= Hugo Andresen =

German Romance philologist and medievalist

Hugo Andresen (4 October 1844, in Altona - 17 August 1918, in Münster) was a German Romance philologist and medievalist. He was the son of Germanist Karl Gustaf Andresen (1813–1891).

He studied languages at the universities of Bonn and Berlin, receiving his doctorate in 1874 at Bonn. Following graduation, he took an extended study trip to Paris and London (1874/75), and in 1880 obtained his habilitation for Romance and English philology at the University of Göttingen.
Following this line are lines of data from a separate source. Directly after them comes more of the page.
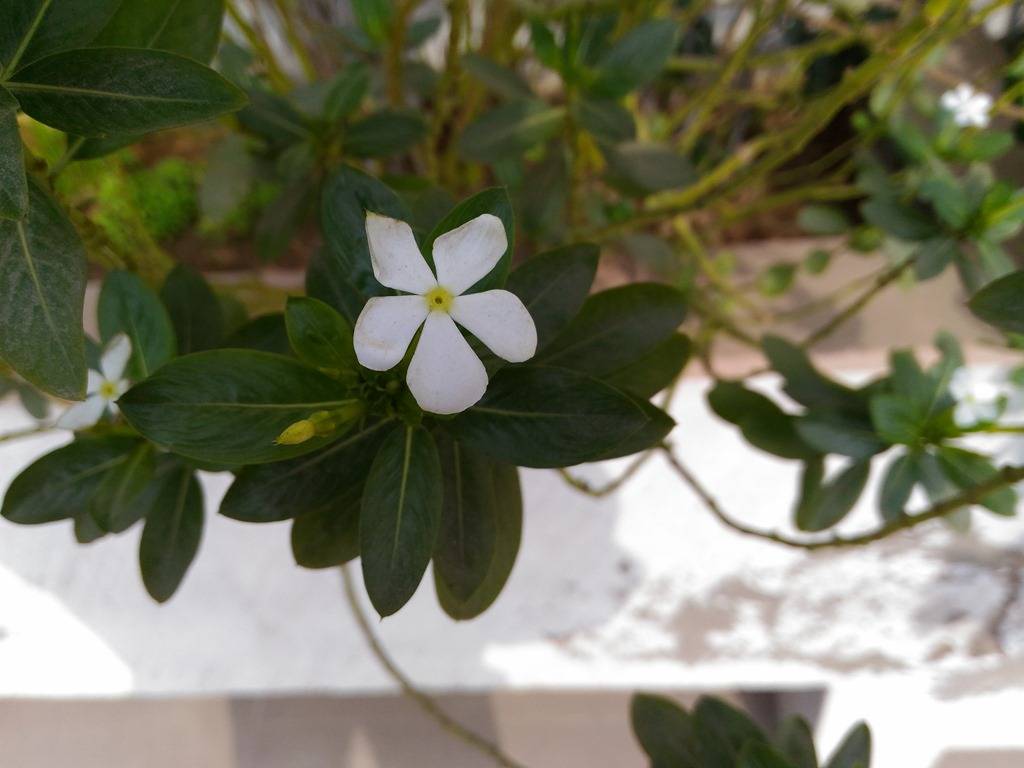 ASUS-ZenFone-Max-camera-sample6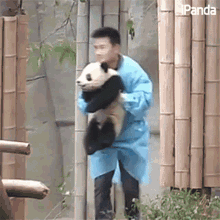 抱着 熊猫护理员 GIF - 抱着 熊猫护理员 熊猫 GIFs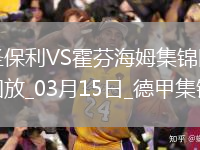 德甲-维斯豪普特制胜球圣保利1-0霍芬海姆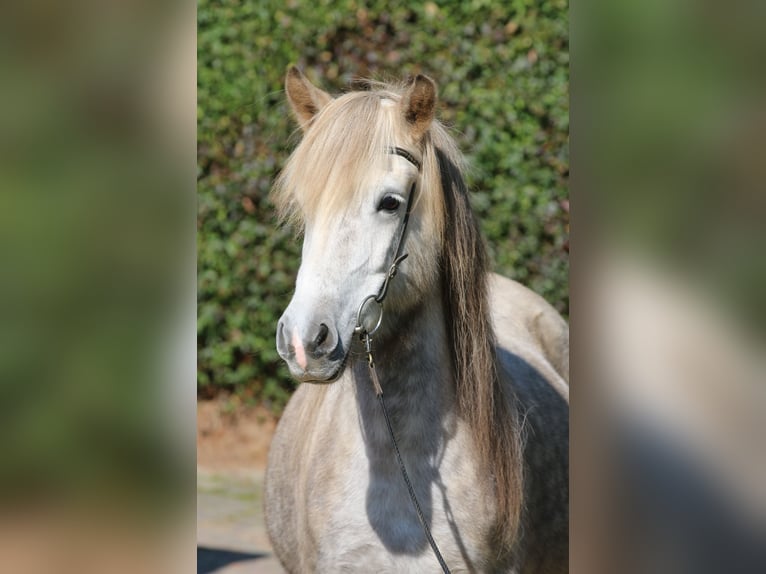 Icelandic Horse Mare 8 years 13,3 hh Grey-Dapple in Dohm-Lammersdorf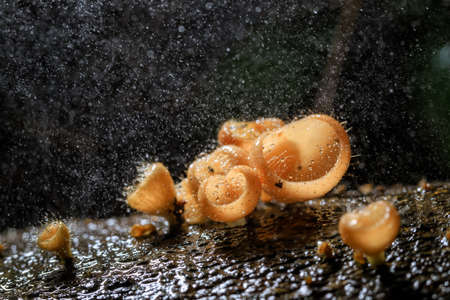 Orange champagne or eyelash cup mushroom, Cookeina tricholoma, with sparkling water droplets in...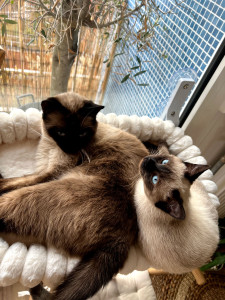 Photo de galerie - Garde animaux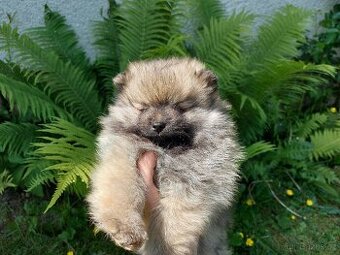 Špic, nemecký špic , Pomeranian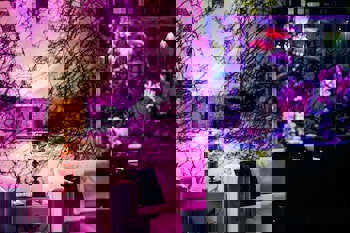 The Ciao Stelio Deluxe Hotel - Adults Only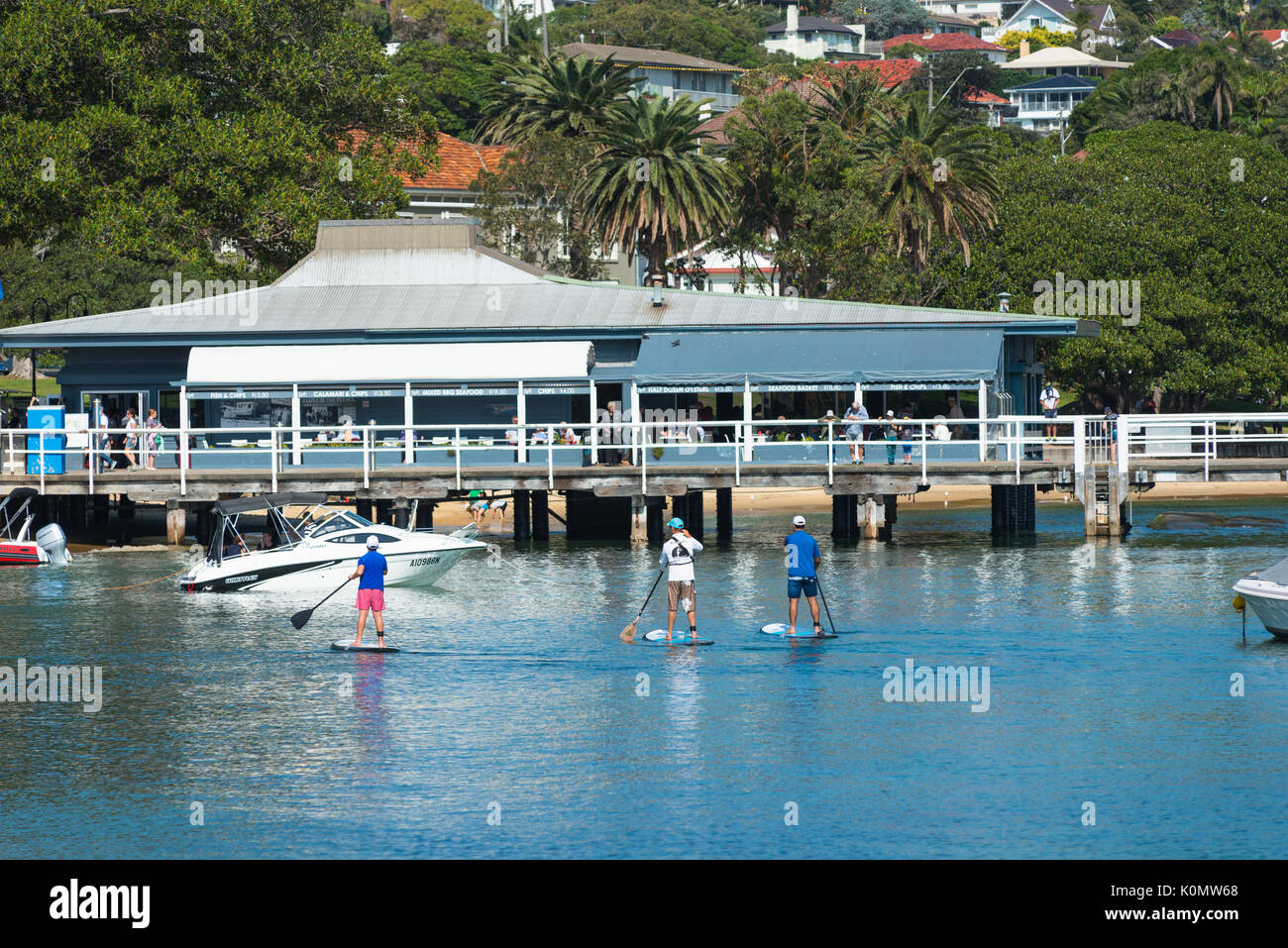 Stand up paddle boarding at Watsons harbour near the ferry stop, Sydney, New South Wales, Australia. Stock Photo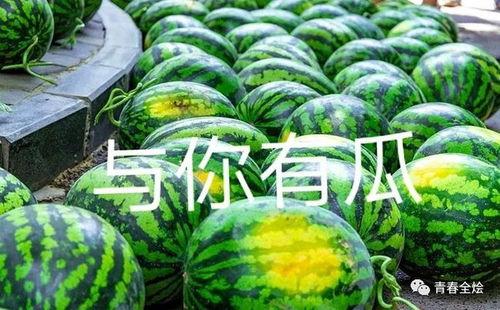 高校吃瓜,揭秘校园吃瓜背后的故事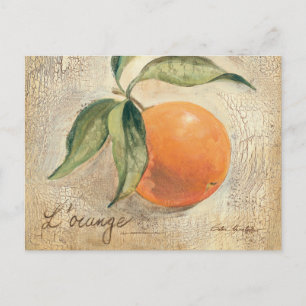 Rund Shiny Orange Frucht Postkarte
In 1892 he relocated to the Münster Academy, where he succeeded Gustav Körting as professor of Romance philology.

== Selected works ==
- Über den einfluss von metrum, assonanz und reim auf die sprache der altfranzösischen dichter, 1874 - On the influence of metrum, assonance and rhyme regarding the language of Old French poetry.
- Maistre Wace's Roman de Rou et des ducs de Normandie (2 volumes, 1877–79) - Robert Wace's Roman de Rou and the dukes of Normandy.
- Ein altfranzösisches Marienlob, aus einer Pariser Handschrift des dreizehnten Jahrhunderts, 1891 - An Old French Marian praise from a Parisian manuscript of the 13th century.
- Ueber deutsche volksetymologie (by Karl Gustav Andresen, 6th edition edited and expanded by Hugo Andresen, 1899) - On German folk etymology.
- Aus einem altfranzösischen Tractat über das Schachspiel, 1913 - An Old French treatise on chess.
- Eine altfranzösische Bearbeitung biblischer Stoffe, 1916 - An Old French edition on biblical subjects.